I use it for garden chores but seeing it with flowers inside makes me want some planters like this too.
Here’s how I made it. It really is just a simple box with long end pieces = no rocket science. Just some simple wood cuts and assembly.
I used old barn board that was previously used for some raised beds.
How to Get Barn Boards with Weathered Patina **CHEAP**
Shhhh! Don’t tell anyone but the big secret is: you don’t have to spend big bucks on weathered-looking barn board and it does not actually take years and years for the wood to age.
You can make your own by using new pine barn boards in the garden for a year (or so) and they will acquire that lovely old patina yet the wood will still be in good condition for other projects. I find it helps if the wood is exposed to soil and gets damp on a regular basis.
The wood you see here spent one year as a raised bed. Now it’s got that lovely, old look and is still otherwise in like-new condition.
I use 12″ wide pine which is very affordable where I live. Your local lumber store may have something else that is more common in your area.
The strange green-handled spear-like thing was used as the trug handle. I have no idea what it was originally intended for. Perhaps Cupid knows.

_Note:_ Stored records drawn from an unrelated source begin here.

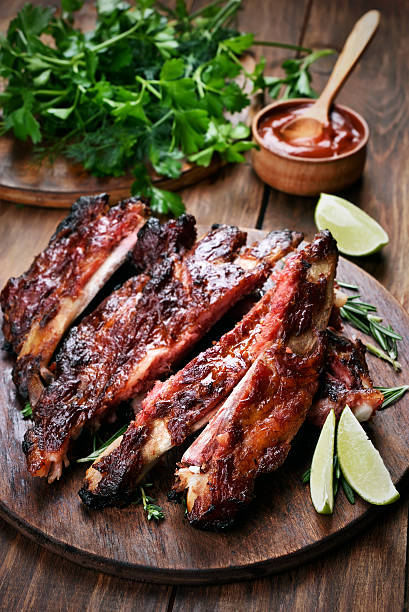 istock Grilled sliced barbecue pork ribs 597664900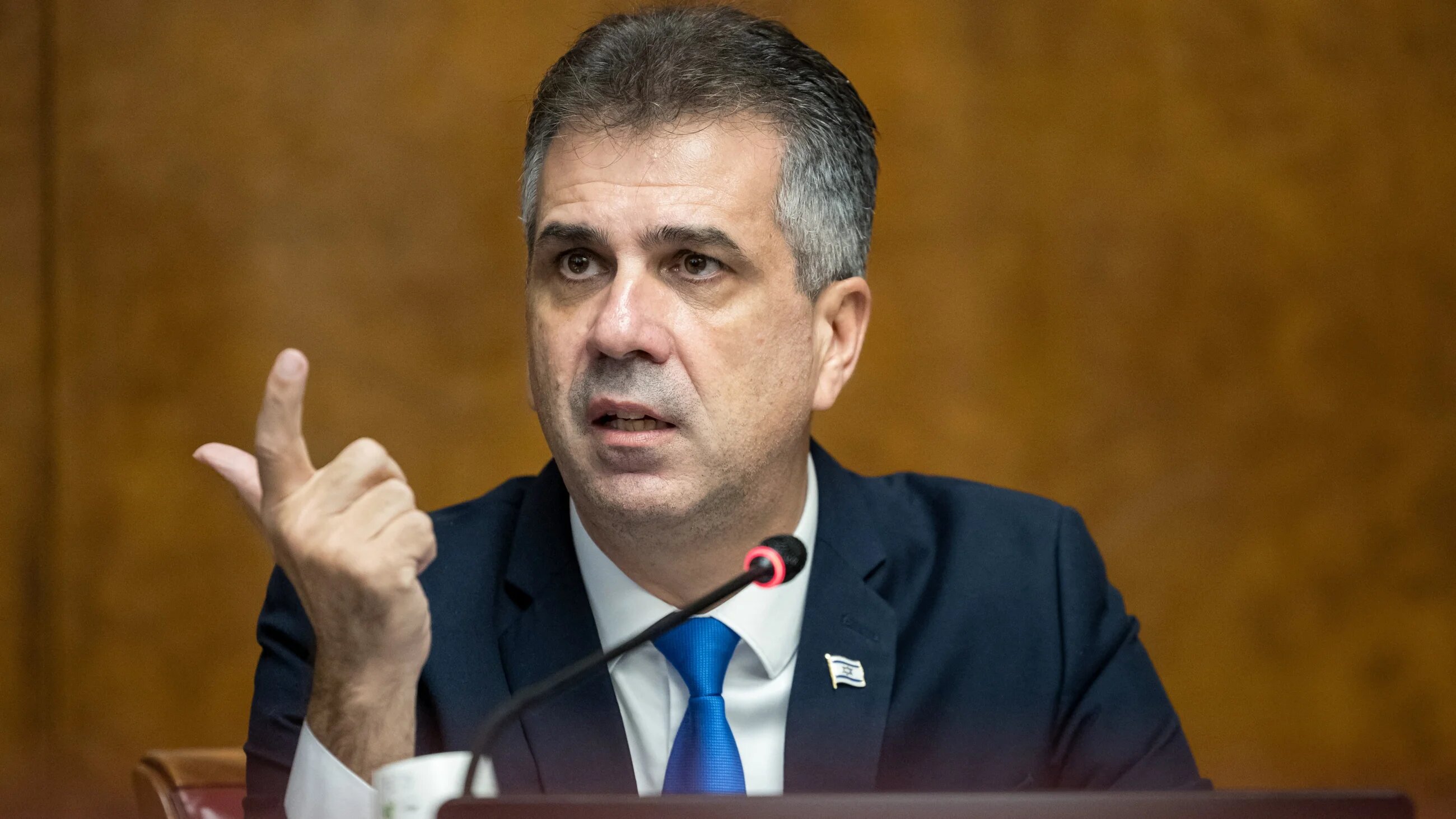 Israel's former foreign minister and current minister of energy and infrastructure, Eli Cohen, speaks during a press conference in Geneva on 14 November 2023 (AFP/Pierre Albouy)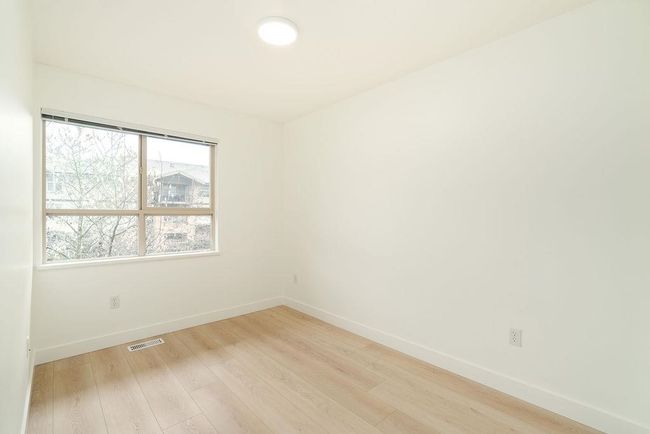 Unfurnished room featuring baseboards, light wood-style floors, and visible vents | Image 33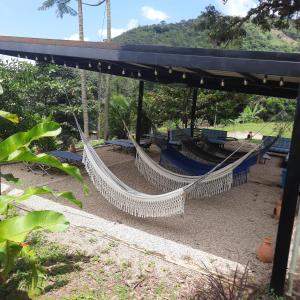 a hammock swing in a park with trees in the background at Finca Pozo Azul in La Vega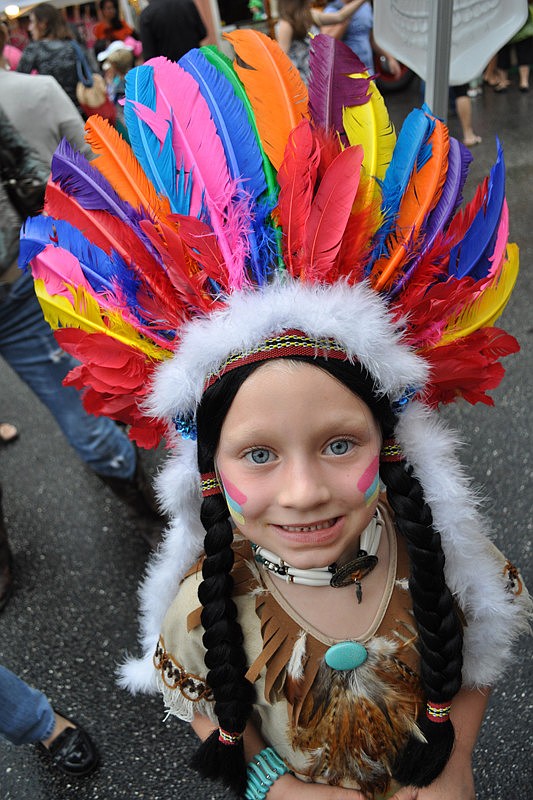 Julia Ryerson, 5, got some help with her costume from her mom.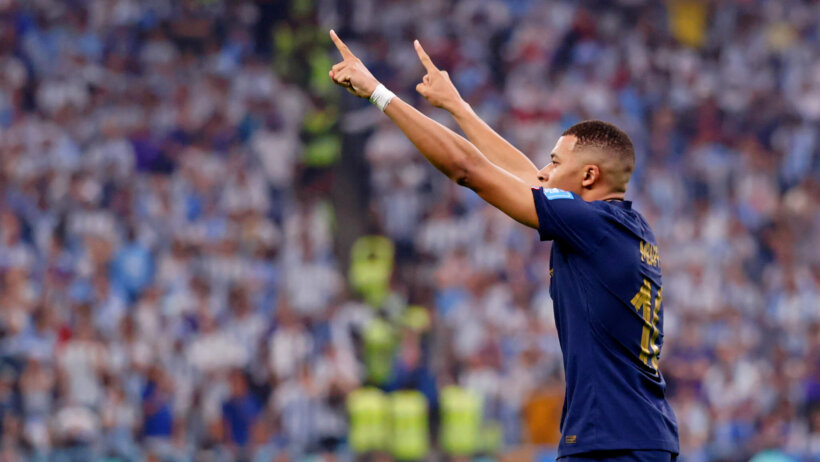 French soccer player Kylian Mbappe with raised hands, pointing in the air.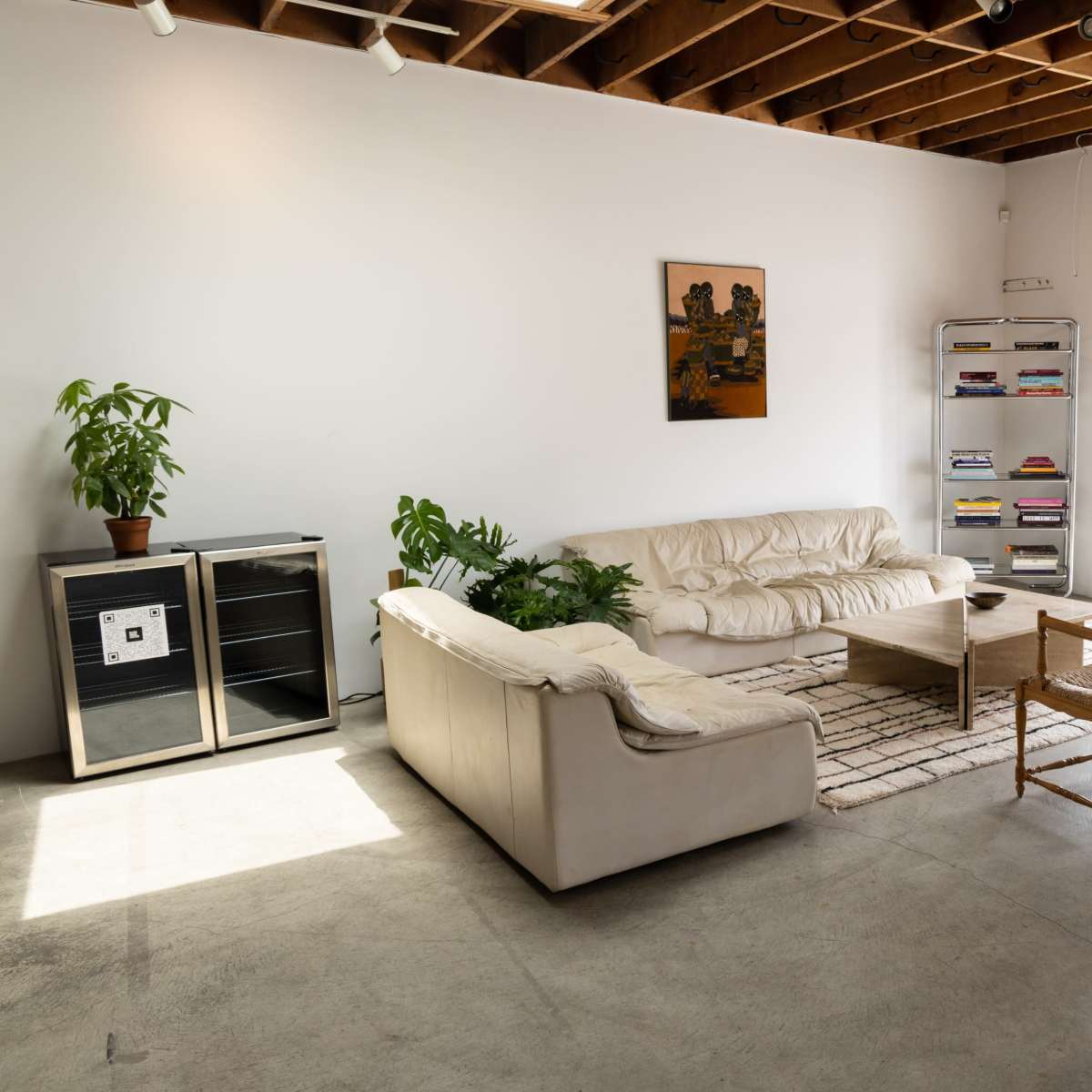 A minimalist living room with a white leather sofa, a wooden coffee table, a plant in the corner, a small shelving unit with books, and a door leading outside.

Some links go to my Amazon affiliate account to show product examples. With a project like this, try to use up scrap lumber.
- Scrap wood (12″ pine boards)
- 31″ wood handle (old tool handle or wood branch or whatever)
- (3) 29″ pieces (bottom and two sides) – or a bit bigger than the width of your wheelbarrow
- (2) 24″ pieces (end pieces)
- Deck screws (size needed depends on the wood you’re using)
- Tools: saw, jigsaw (optional), screw driver, drill and drill bits (for handle holes and pilot holes)
- Paint or chalk markers for decoration (optional)
- Hooks for hanging tools
The thing that makes this trug awesome (to me) is how it fits over the wheelbarrow. To achieve this, I measured the width of the wheelbarrow where I wanted the trug to fit, and used that width plus an inch (=29″) to determine how wide the sides and bottom should be.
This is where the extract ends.